# gorilla glass?



## s1ncere

i havent seen it mentioned anywhere, are we getting gorilla glass or gorilla glass 2?


----------



## NatemZ

Was wondering this as well. No mention at all so I assume neither.


----------



## sfreemanoh

It said somewhere Corning scratch-resistant glass...so, sounds like a No.


----------



## Rogan

Corning owns Gorilla glass.


----------



## Gnubug

Corning also makes bowels, does not mean that you can eat your Frosted Flaskes from Nexus 7 or use it to put food in and stick it in the microwave. *heh*


----------



## Rogan

Apple uses the same nomenclature for Corning glass when describing the glass used in their mobile devices. Everyone knows it's gorilla glass. Why should we not assume the same here

Sent from my Incredible 2 using Tapatalk 2


----------



## Gnubug

Maybe because we should not assume? Everyone doesnt know it is Gorilla glass. With many components which make up the device, and the ability to keep the price as it is, assumptions may come back to bite you in the boo boo. Maybe it is, but then again maybe it isnt, but since all references only go to say scratch resistant, it could be just scratch resistant, not Gorilla glass just to keep the price point.


----------



## Rogan

I think we can take from this article that asus is committed to Gorilla glass 2. Also that the fact that the n7 and kindle fire are both 7 inch tablets yet the Fire weighs 78 grams more than the n7. Both tablets are plastic, so those materials would roughly weigh similar. Google wanted this tablet to feel high quality and yet be super light. It would be an asinine decision to give the N7 such a beautiful resolution only to mar it with gorilla glass 2. They'd be killing two birds with one stone: weight saving by using gorilla glass 2, and keeping the high quality feel consistent.
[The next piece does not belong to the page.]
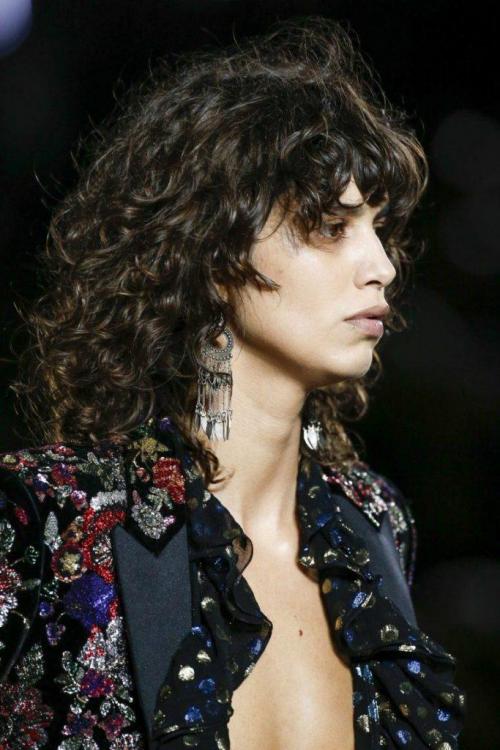 Сколько раз в неделю нужно мыть голову если волосы жирные. Какой правильный ответ на вопрос, как часто мыть голову?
Plus there is the fact that the Memo 370T had gorilla glass. That prototype apparently impressed google, I can't see the logic is dropping the gorilla glass to save a few dollars off the models if they were that impressed with Asus' design as to give them this project.

In the end, as long the tablet is taken care of, I doubt any of us will have to worry too much about scratches.


----------



## Gnubug

Wow, you really think the weight savings is because of the glass and not the fact that unit is made of Plastic and missing components like say .....expansion and removable storage chips and boards and housings, HMDI output circuit boards or the fact that is uses a different fabrication and die process then the old Kindle fire from last year? I would assume since they cut corners on several circuits boards and upgradability and features that are standard on all other tablets to cut down the price to keep it able to be at $199 and $249, it just might be a chance that they went with a scratch resistant glass panel to keep those prices down to the mentioned prices...Unless it is confirmed that it is indeed Gorilla Glass 2 by Corning, I would recommend not stating an unknown as a fact, when it is nothing more then your opinion. It may have it and it very well may not have it. No one knows. I do not mean to look like I am giving you hard time, I just do not like disinformation or possible wrong information be passed on when all reservations should be holding until an offical statement and correct knowledge OFFICALLY of exactly what the glass is.


----------



## Rogan

I didn't mean to come across as saying that all of it was because of the glass, I was only wanting to point out that both tablets are pretty bare bones and have shells made of plastic. They shaved weight somewhere on the N7 b/c it has more features like bluetooth and nfc than the fire has. Gorilla glass 2 being 20% thinner would theoretically lessen the weight by a few grams.

Also I understand why it has a lack of expansions and ports. It might have been and probably was a cost saving measure, but I think it also has to deal with Google pushing heavily for cloud usage. Any expansion port or output limits how Google views their products should be used. There would be no incentive to use Google services (Google Music, drive, documents, movies, etc.) if you could just store it all locally. Plus we haven't seen external storage on a nexus since the N1.


----------



## throwbot

Nobody gonna say anything about the comment about eating frosted flakes from bowels?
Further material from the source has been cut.